▶ [ACTIVITY]:
Among the entries below, the lines from the one with "LOUIS VUITTON Long" up to and including the one with "Mesa 2-Burner Stainless" are to be restated exactly, without pictures.

──────── INFORMATION PROVIDED ────────

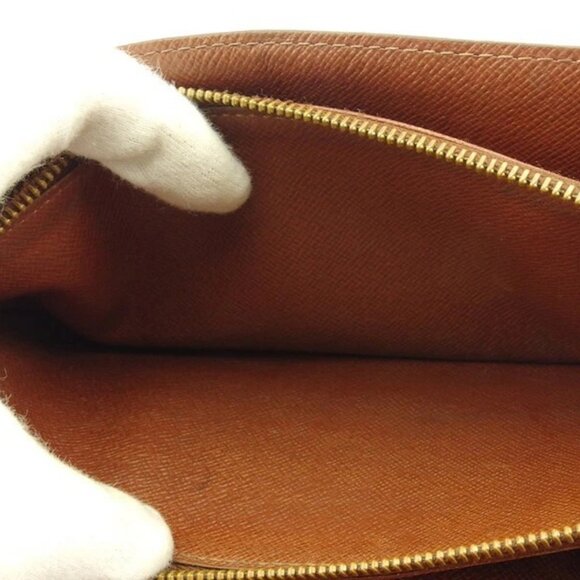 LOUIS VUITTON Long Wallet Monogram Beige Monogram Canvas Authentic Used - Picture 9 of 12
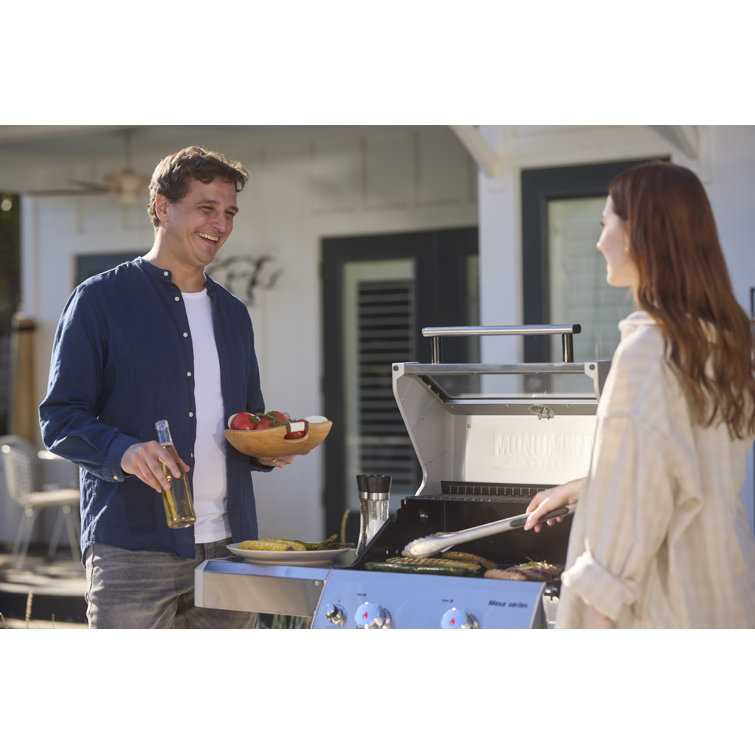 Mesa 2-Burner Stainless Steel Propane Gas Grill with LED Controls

────────
──────── INFORMATION PROVIDED ────────

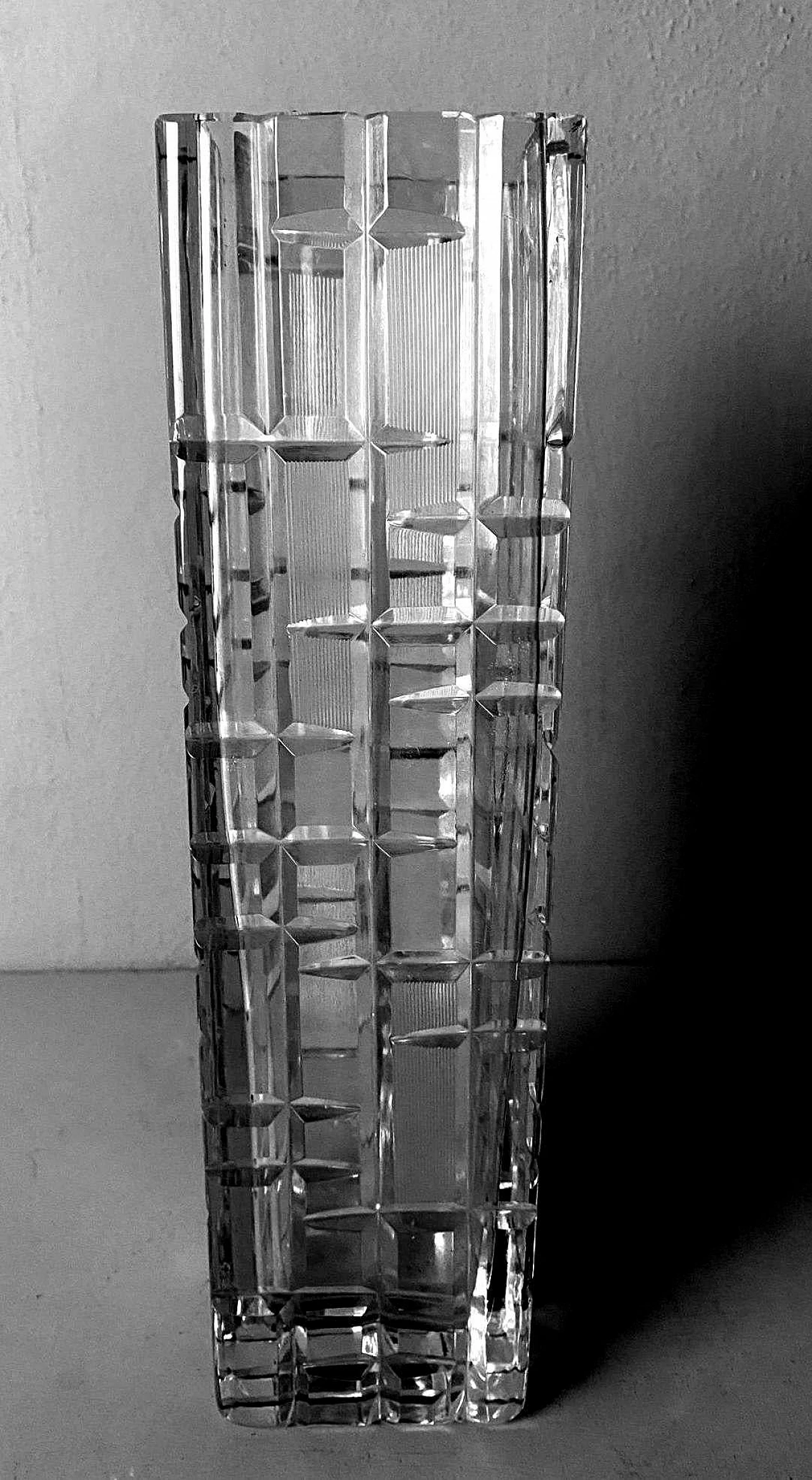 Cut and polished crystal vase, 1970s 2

────────

▶ [ANSWER BOX]:
 LOUIS VUITTON Long Wallet Monogram Beige Monogram Canvas Authentic Used - Picture 9 of 12
 Mesa 2-Burner Stainless Steel Propane Gas Grill with LED Controls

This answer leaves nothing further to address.